Guardians of time: fascinating stories about Moscow's most unique clocks

June 1

Who invented the clock with a rotating dial, where in Moscow can you find a rooster telling time, and why was a sundial installed on Nikolskaya Street? The Moscow Committee for Tourism and the #MoscowWithYou cultural project share fascinating stories of the capital's most unusual and famous clocks.   

The world's only fully mechanised clock

Moscow's first mechanical clock on Spasskaya Tower, the Kremlin's main tower, was installed in the 17th century under supervision of British engineer and clockmaker Christopher Galloway. The design was notable for its rotating dial instead of hands. Soon, the chimes on Spasskaya Tower began playing various melodies.

In the late 19th century, a decision was made to install a new clock on Spasskaya Tower. To turn the project into reality, the bells were brought from Borovitskaya and Troitskaya towers, and a mechanism was created to start moving the revolving cylinder to play melodies, the first one being the March of the Preobrazhensky Regiment.    

After the 1917 revolution, the clock chimed The Internationale anthem. After a nearly 60-year silence due to mechanical issues, the chimes on the Kremlin's main tower started playing melodies again in 1996. They included Mikhail Glinka's Patriotic Song and Glory, Glory to You, Holy Rus!, the final choir song in the epilogue of his opera A Life for the Tsar. In 2000, the Patriotic Song was replaced with the national anthem of the Russian Federation.

The Spasskaya Tower clock face has a diameter of over six metres; the hour hand is nearly three metres long and the minute hand is 3.27 metres long. The mechanism is powered by three weights, with the heaviest weighing 224 kilograms. The Spasskaya Tower clock is unique as it is the only clock in the world that is fully mechanised.

The unusual numeral 4 and current time in any location

The building of Moscow's Central Telegraph boasts a clock that may seem an ancient oddity. The black and white face has Roman and Arabic numerals, with the numeral 4 written as IIII in the Roman numeric system instead of the common IV. The explanation is simple: IIII was used for 4 until the 19th century. The clock dial is lit in the evenings, making it easy to see what time it is. Back in the day, people leaned it by the sounds of the chiming bell. Interestingly, it is recognised as Moscow's most accurate clock.

Moscow's Manezhnaya Square has the World Clock Fountain, with a shopping mall located underground. The fountain dome is divided into 24 sectors and makes a full rotation every 24 hours. The fixed lower ring has 12 lamps, each marking five minutes. To learn the current time in any location on the globe, you have to find a city on the map, see the lower numeral indicating the hour, and learn the minutes by multiplying the number of the lit lamps by five.
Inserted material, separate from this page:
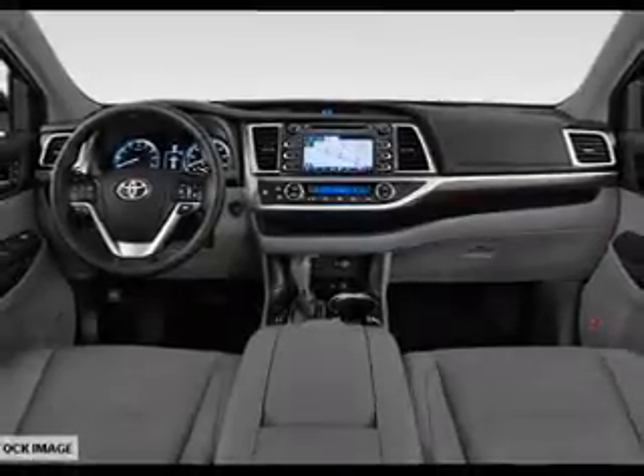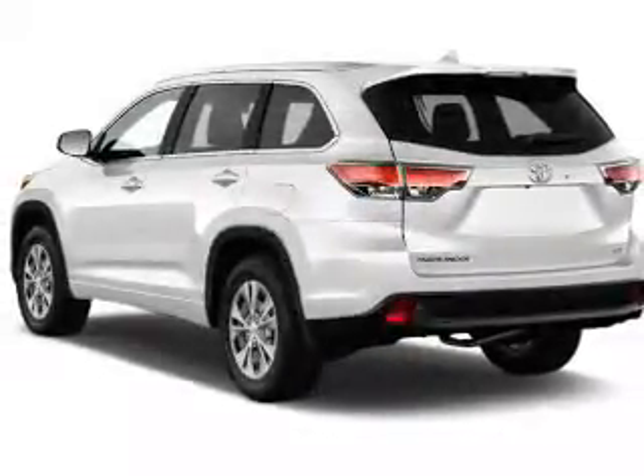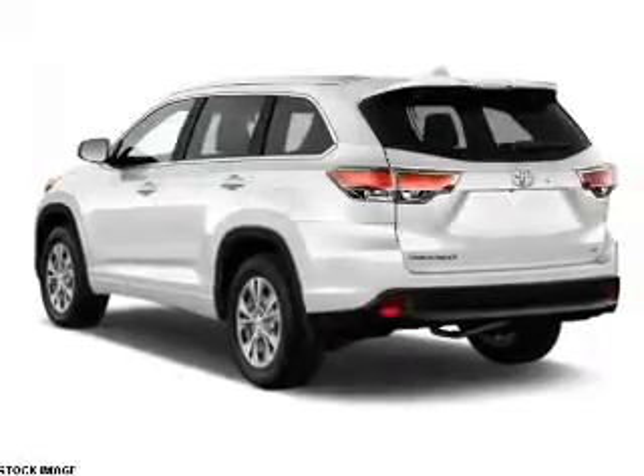The features include a panoramic sunroof, a spoiler, an alarm system, roof rails, keyless entry, power liftgate, independent suspension, brake assist, traction control, and stability control.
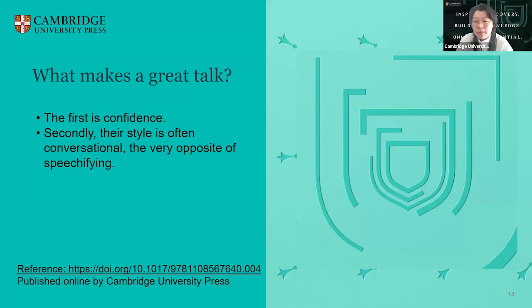The first quality is confidence — conveying to the audience that the speaker knows what they are talking about while hiding any signs of nervousness. Secondly, the style of the speaker is often conversational, the very opposite of speechifying. This means that however big the audience, each member is made to feel that the speaker is communicating to them alone. This is very much like the fireside chats of U.S. President Franklin D. Roosevelt, in which he managed to achieve a personal touch despite addressing millions of radio listeners.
The smartest clock and a puppet performance 

The building of the Russian Academy of Sciences on Leninsky Prospekt is dubbed the 'golden brains' due to the decoration on its roof – but it is not the only thing that attracts attention: there is also a clock whose history is rather interesting. A decision was made to install it on the academy building in the mid-1980s. However, because of a shortage of funding to complete the work, the device remained non-operational for over 20 years. The clock was re-launched with its original design only in 2017.

In 1970, the building of the Obraztsov Central Puppet Theatre was decorated with a wonderfully designed clock, with a rooster crowing loudly every hour and a figure of a fairy-tale character appearing from a small home on the facade and a melody of the folk song In the Garden and In the Orchard playing. At noon, all 12 puppets appear from their homes. It has been nearly 50 years since the clock was installed, and every day people gather in front of the theatre at noon to see the magical performance.

Interestingly, the rooster on the puppet theatre clock used to crow at night as well, but, upon a request from local residents, it now tells the hours only during daytime.   

Sundial and golden clock face

The high-rise main building of Moscow State University can be seen from far away. Its spire is part of the city’s skyline along with the Ostankino Tower and the high-rise on Kotelnicheskaya Embankment. The university’s main building is surrounded on all four sides by towers decorated with a thermometer, a barometer, and Europe's largest clocks. The clock faces are nine metres in diameter, the minute hands are 4.2 metres long and the hour hands are 3.7 metres long. The clock looks like it is sparkling gold; this effect is actually produced by the golden glass to which the numerals are attached. During the early years, wardens had to walk up to the 25th floor every day to start the clock, but since 1957 the device has been powered by an electric motor.

The pseudo-Gothic building of the Synodal Printing House on Nikolskaya Street, which now houses Moscow State Institute for History and Archives, is decorated with a sundial. Back when the printing yard was built, sundials were all the rage.